Nissa stood. “We can look at it later. What’s in the glowy room?”
Detren led her out of the treasury, closing the door behind them, and stepped into the ‘glowy room,’ as she’d called it, which was dominated by a hot spring. The glow was coming from luminescent blue crystals inset around the pool, and water flowed in from a gap in the back wall, spilling over from the main pool into a smaller lower pool and draining from there into who-knows-where. Detren didn’t know how the pool worked, exactly, but he liked relaxing here now and then at the end of a particularly stressful day. Which he had too often, it seemed. Particularly when Anaya Morwen was involved. Goodness did she get on his nerves. There was more than one reason why he avoided her at all costs. To be entirely honest, these tunnels were his favorite place to hide from her.
“This is a nice place,” Nissa said, lifting her skirt above her ankles, removing her shoes, and stepping into the low pool.
“What is your favorite room in this place?”
“I like the treasury a lot, especially trying to figure out that box. I also like the wine cellar just because it looks cool. But my favorite room… Let me just show you.”
Nissa stepped back out of the pool, leaving her shoes on the floor and letting the hem of her dress fall back to brush against her damp feet. Detren headed back down the hallway about halfway and stopped at a grey door, which was easy enough to miss if you weren’t looking for it. Whoever had built this basement – King Weiden, he assumed, the same person who built the castle itself – was an expert in camouflaging things.
Detren pulled the door open and allowed Nissa to step in first.

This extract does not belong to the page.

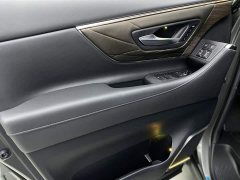 Toyota Wilfa Crown Dual Engine 2.5L Supreme Executive Edition - фото 19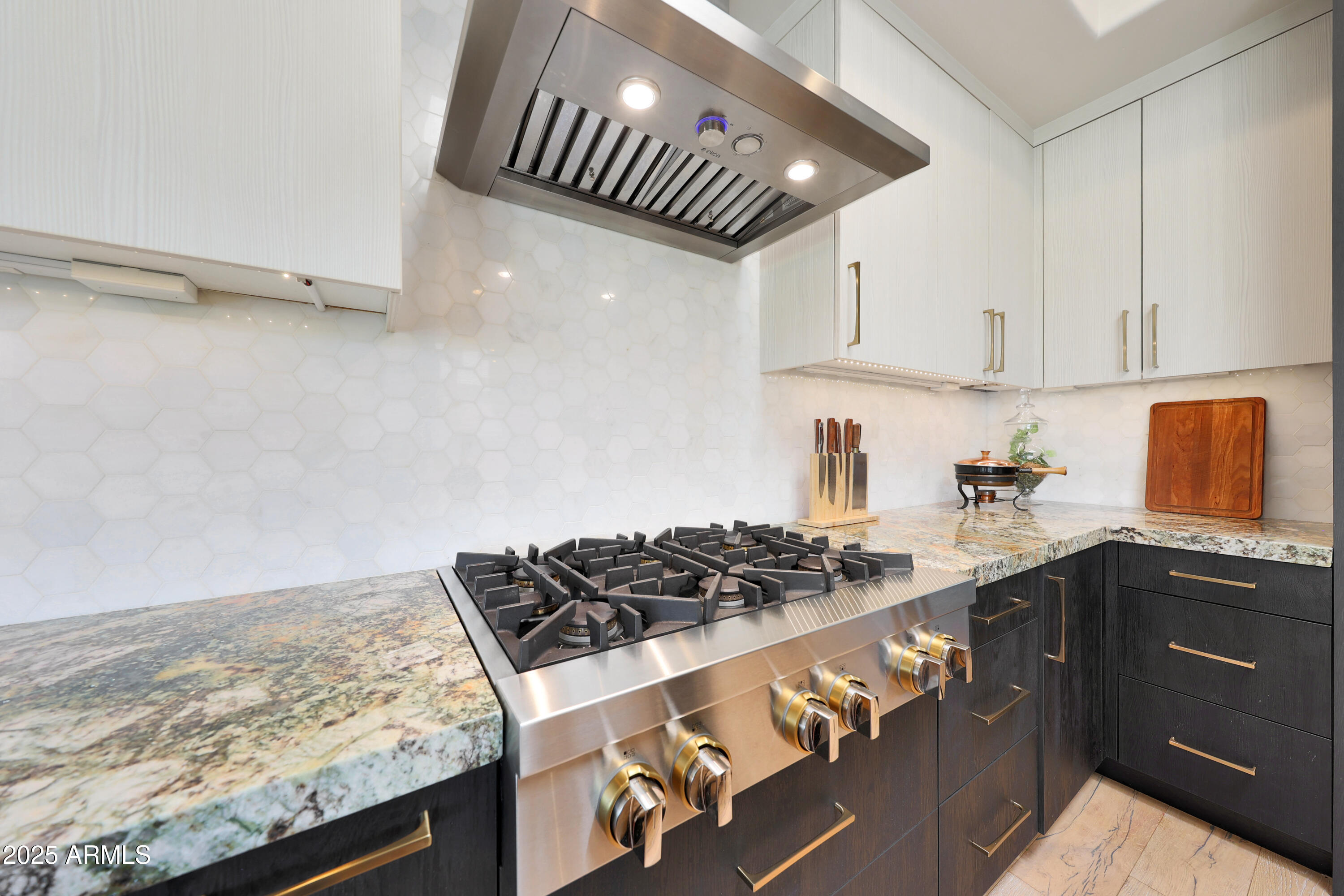 7705 E DOUBLETREE RANCH Road 8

It was another tunnel, and this one had branches along its length, as well as at its end. Detren made his way to this last fork and headed down the right tunnel, marked with a door. When they reached the end, the corridor opened up into a large cavern with stalactites hanging from the ceiling and a round tunnel dug into the right wall.
Detren pointed to the tunnel. “That leads out into the city.”